Trivium Announce Tour With Slipknot, Premiere New Video

Seems like he's definitely going to play Gibson's from now on, also according to his Bio in Welcome to the Trivium portal

I think it was a good choice... well, any brand would've been a good choice after leaving dean.


----------



## Variant (Feb 13, 2009)

What are they going to do for the seven string stuff?


----------



## Thin_Ice_77 (Feb 13, 2009)

He used to play Gibson back in the day when Trivium were good. There's no cause or anything here, but it seems that as soon as they started using Deans, their music started sucking.
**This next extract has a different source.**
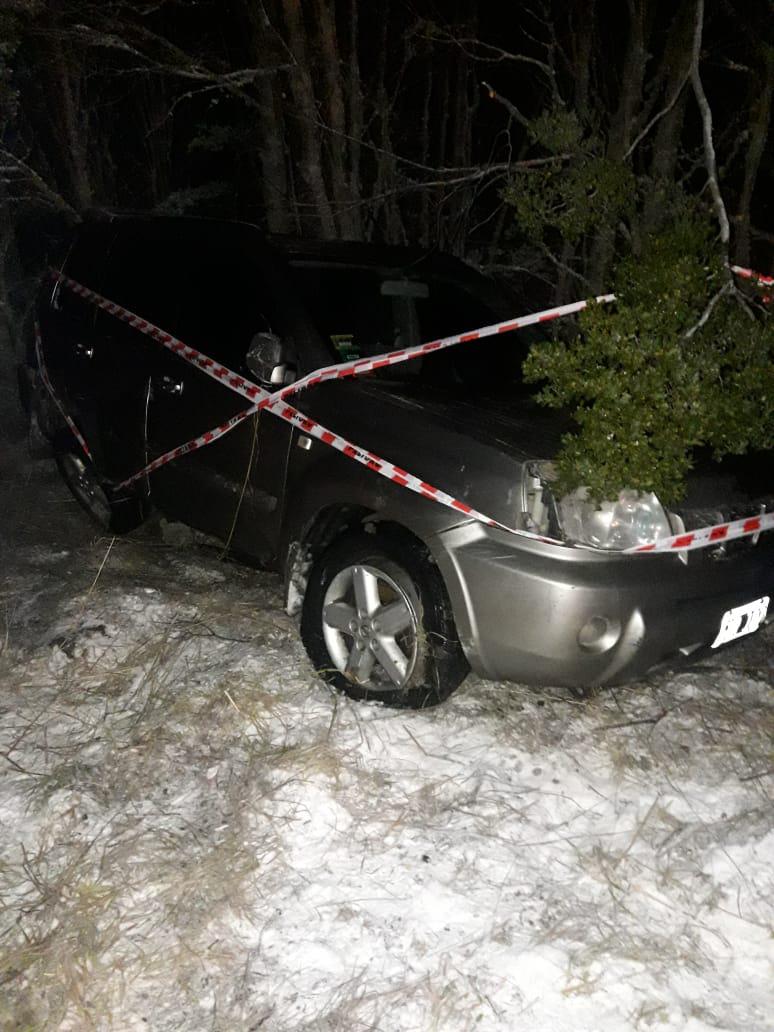 WhatsApp Image 2021-07-11 at 20.56.04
EDIT: Looks like Corey is moving back to Jackson too. His equipment page says 'Update in Progress'.


----------



## DDDorian (Feb 13, 2009)

I remember him saying in an interview that he switched from Gibson because they wouldn't give him an endorsement, which is just lame. His top shred tip was "shred on a Les Paul because it's harder to do so you'll seem more impressive" Whatever. A Trivium seven-string Epiphone or whatever might not be so bad.


----------



## Variant (Feb 13, 2009)

^
Oh, I did not know that Epiphoney had a 7'er... and yeah, while I actually like Matt & Corey's playing (less so: their songwriting & style) that a pretty LOL comment.  Besides, if you're an endorser, wouldn't you just get a custom with a Jackson spec neck on there so it wouldn't feel like you were playing a dowel with floss on it.*

*Variant doesn't do Gibsons.


----------



## Dusty201087 (Feb 13, 2009)

I hope Epi does another 7 string LP... I'd love to get one to tune standard with a high A  I just don't see them on eBay enough and TBH I want at least one 7 or 8 tuned normally before I go to something tuned up 

The comment was def pretty stupid, but hey, he's human. And I can kinda understand why you'd leave a company if they weren't giving you a sponsorship. Musicians have to make a living too guys, and if Dean is going to give you a six figure check for repping them v a company that's giving you NOTHING, then I know what you and I would do


----------



## 70Seven (Feb 13, 2009)

Why did they leave Dean? I don't get these artists. Why do that have to be "with Dean" and then leave and be "With Gibson, or Jackson". Why can't they play a few Gibson, a few of their Deans they liked and some Jacksons, you know like regular people... I know I know, there is some money involved..


----------



## Breakdown (Feb 13, 2009)

I saw pic of corey holding one of those DBZ guitars about a week ago so im thinkin maybe they left because zelinsky left.


----------



## 70Seven (Feb 14, 2009)

EDIT, LOL, oups, this post was suppose to be in the Loomis instructional DVD thread....


----------



## Shinto (Feb 14, 2009)

I've been told that it's possible to play some of their songs without the high E, so I don't think they'll have much of a problem.
But they've been using their 7-string Deans as far as I'm aware (for 7-string songs).


----------



## Planeshift (Feb 14, 2009)

Talked to him last week at a show...He's trying to get a 7-string Explorer.


----------



## TheAceOfSpades1 (Feb 14, 2009)

DDDorian said:


> His top shred tip was "shred on a Les Paul because it's harder to do so you'll seem more impressive"







70Seven said:


> Wow, this DVD is awesome, I watched half of it already (can't play along, girlfriend is sleeping). I plan on learning all the exercises and riffs on this DVD. Some of it I feel like I'm good enough to play, others I see as a chance to challenge my playing, should be fun.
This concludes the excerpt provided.